Un résumé de renseignements déclassifiés et non prouvés suggère que M. Dong a déclaré au responsable chinois que si la Chine devait libérer les «deux Michael», les partis d’opposition y verraient la preuve qu’une approche canadienne dure à l’égard de la Chine fonctionnait.

M. Dong a dit qu’il ne se souvenait pas de la conversation et a affirmé que cette allégation particulière n’avait aucun sens.

Dans son rapport final, M. Johnston concluait que M. Dong ne préconisait pas la détention prolongée des deux Canadiens.

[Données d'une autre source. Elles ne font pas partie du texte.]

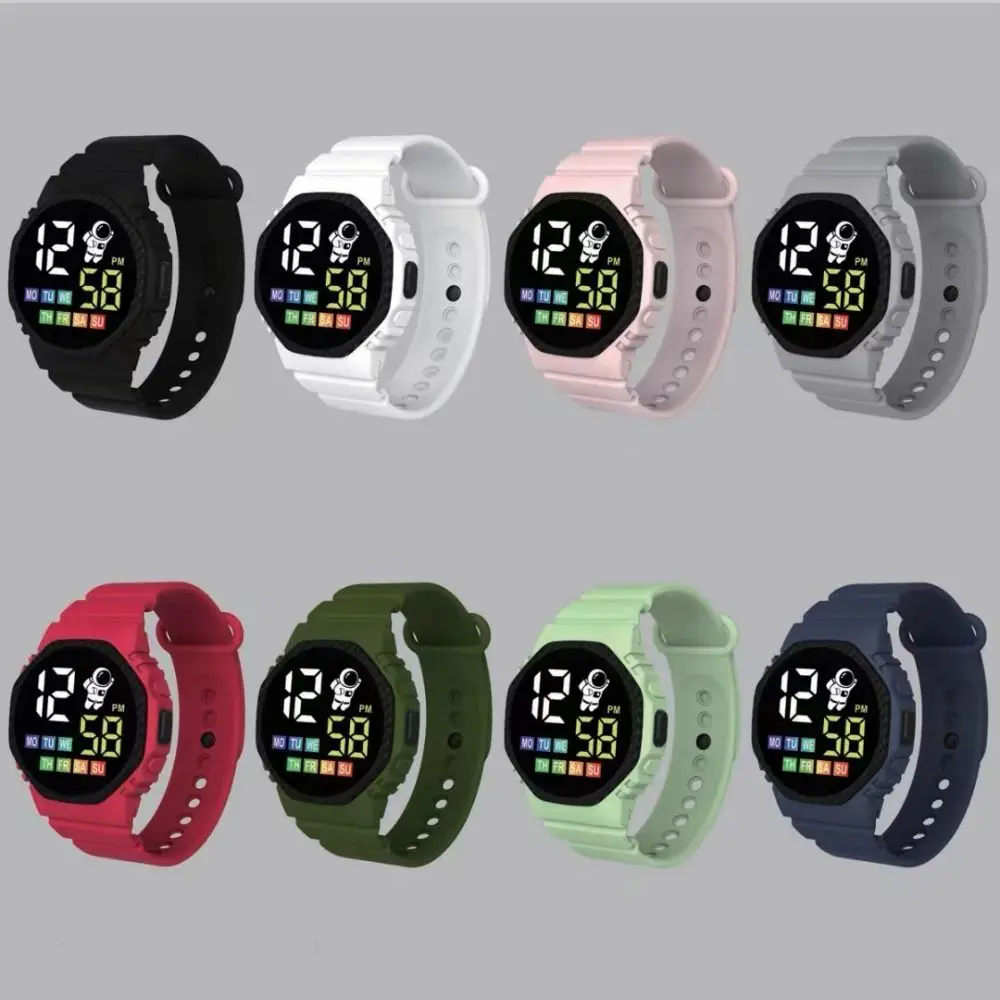 고품질 다기능 시계 스포츠 시계 방수 캐주얼 전자 시계 어린이를위한 간단한 우주 비행사 디지털 시계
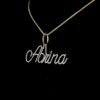 Iced Out Any Name Pendant Made In 14 / 10 KT Gold Embellished With Shinny Moissanite Diamonds For The Birthday And Anniversary Gift For Her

L’ingérence étrangère n’était pas vraiment une priorité pour les partis lors des deux dernières élections, a appris la commission mardi.

Tous les partis se sont vu proposer des séances d’information par le Groupe de travail sur les menaces en matière de sécurité et de renseignements visant les élections, mais la plupart des représentants ont déclaré que les séances d’information contenaient peu d’informations sur les menaces spécifiques.

La commission d’enquête, dirigée par la juge québécoise Marie-Josée Hogue, s’attend à entendre les témoignages de plus de 40 personnes, dont des membres de la communauté, des représentants de partis politiques et des responsables des élections fédérales.

Le premier ministre Justin Trudeau, des ministres et divers hauts responsables du gouvernement devraient également témoigner aux audiences publiques, qui devraient se terminer le 10 avril. Un premier rapport sur les conclusions de la commission est attendu le 3 mai.

L’enquête de la commission Hogue s’orientera ensuite vers des questions politiques plus larges, en examinant la capacité du gouvernement à détecter, dissuader et contrer l’ingérence étrangère. Un rapport final est attendu d’ici la fin de l’année.

Note aux lecteurs: Dans le 1er para. d’une ancienne version de ce texte, il était écrit que la course à l’investiture était en 2021, mais elle était plutôt en 2019.